[[ AVAILABLE DATA open ]]
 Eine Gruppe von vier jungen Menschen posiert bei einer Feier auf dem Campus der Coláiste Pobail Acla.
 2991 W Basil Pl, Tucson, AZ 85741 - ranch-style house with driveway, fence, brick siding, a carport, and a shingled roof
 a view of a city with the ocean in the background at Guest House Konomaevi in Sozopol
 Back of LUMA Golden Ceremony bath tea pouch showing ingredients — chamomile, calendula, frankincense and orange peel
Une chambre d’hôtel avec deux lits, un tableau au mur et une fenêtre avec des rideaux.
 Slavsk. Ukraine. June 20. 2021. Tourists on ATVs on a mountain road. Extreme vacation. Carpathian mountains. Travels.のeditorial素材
[[ AVAILABLE DATA closed ]]
[[ AVAILABLE DATA open ]]
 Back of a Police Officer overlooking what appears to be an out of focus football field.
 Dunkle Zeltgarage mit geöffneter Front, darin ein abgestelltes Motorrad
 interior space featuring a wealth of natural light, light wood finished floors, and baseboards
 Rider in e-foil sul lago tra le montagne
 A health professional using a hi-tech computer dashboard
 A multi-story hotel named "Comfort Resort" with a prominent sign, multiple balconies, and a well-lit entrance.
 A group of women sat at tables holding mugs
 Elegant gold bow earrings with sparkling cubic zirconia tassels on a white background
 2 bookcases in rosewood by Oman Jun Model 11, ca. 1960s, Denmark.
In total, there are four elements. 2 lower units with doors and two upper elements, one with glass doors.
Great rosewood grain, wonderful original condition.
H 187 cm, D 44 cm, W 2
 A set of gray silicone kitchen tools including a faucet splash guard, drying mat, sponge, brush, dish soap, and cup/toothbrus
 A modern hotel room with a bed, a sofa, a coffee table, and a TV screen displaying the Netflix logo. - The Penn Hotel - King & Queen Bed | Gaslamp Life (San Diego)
[[ AVAILABLE DATA closed ]]
WHAT TO PRODUCE |
Go through the records and show every line with the string "hotel" in it.

EXERCISE RESPONSE |
 A multi-story hotel named "Comfort Resort" with a prominent sign, multiple balconies, and a well-lit entrance.
 A modern hotel room with a bed, a sofa, a coffee table, and a TV screen displaying the Netflix logo. - The Penn Hotel - King & Queen Bed | Gaslamp Life (San Diego)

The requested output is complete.